Marlon Brando in his prime was one fine actor. This film is a lesser-known vehicle for him, with the fiery and voluptious Anna Maganani as co-star. She's excellent, perfectly cast. I've seen a production on stage of Williams' Orpheus Descending, and though I liked it, and I'm an avid Tennessee Williams fan, I still think the movie is better, that it breathes livelier and maintains more tension than the play. The liberties taken by the film's director Sidney Lumet, a first-rate talent and one of the best of his generation, allowed the film a larger scope and less of a claustrophobic feel. I wouldn't say this, however, of all the Williams stage-to-screen adaptations.
If you're a fan of Marlon Brando, or an aspiring actor, I'd like to recommend his autobiography, Songs My Mother Taught Me. It's an easy read and not pedantic at all. He writes with great love for his mother, and with respect for his Nebraska roots and those who helped him as he made his way in New York City in his early days. A picture of a time and certainly an America that no longer exists.

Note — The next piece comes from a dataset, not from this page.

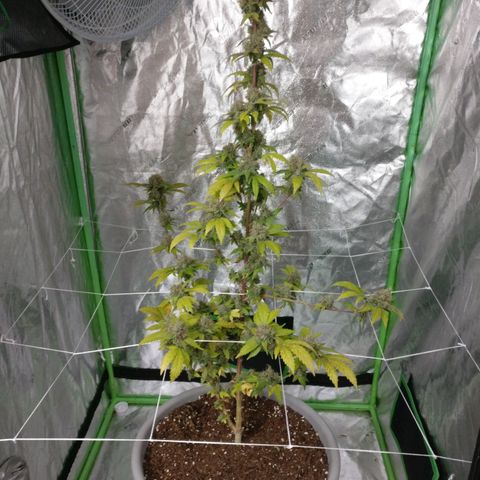 Amnesia Fast growlog timeline photo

Here's another leading man, Ray Milland, a Welshman by birth, who in his prime demanded a top Hollywood salary and carried many a memorable film. I always found his diction to be superbly clear, and he was of that generation of males who showed self-esteem and confidence by behaving as gentlemen, dressing well, not talking down to people, comporting themselves with courtesy and empathy.

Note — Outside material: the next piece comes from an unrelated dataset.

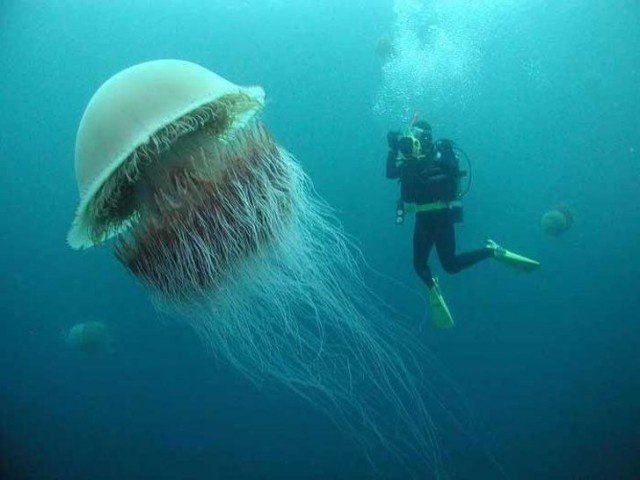 Волосистая цианея, или гигантская медуза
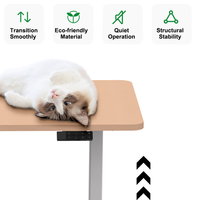 Fabricant de meubles de système de contrôle intégré Bureau debout Bureau réglable à double moteur Table électrique pour bureau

Milland's performance in The Lost Weekend earned him an Oscar in 1945. This film is one of many works of genius directed by the maverick Billy Wilder, who would go on to win an Oscar or two himself and work with some of the best actors in Hollywood at that time.
I can also recommend Ray Milland's autobigraphy, Wide-Eyed In Babylon, as a quick cozy read full of anecdotes and stories about the movie business during that era, but also about life in Wales for a young boy before the second world war.
The author Charles Jackson should be noted here. He's a largely forgotten novelist, and I think unfairly so, from the American South who was, in my opinion, very much a cut above the average pulp fiction writer during his era.
I think The Lost Weekend still stands up as a depiction of alcoholism, despair and the war era malaise that many were suffering through at that time. Though the film is quite good, I think the novel, as many of them do, goes deeper into the psychology of the alcoholic's affliction.
I'd also recommend another Jackson novel, his sixth, A Second Hand Life, which I believe a small classic in a minor key of American Southern Gothic fiction.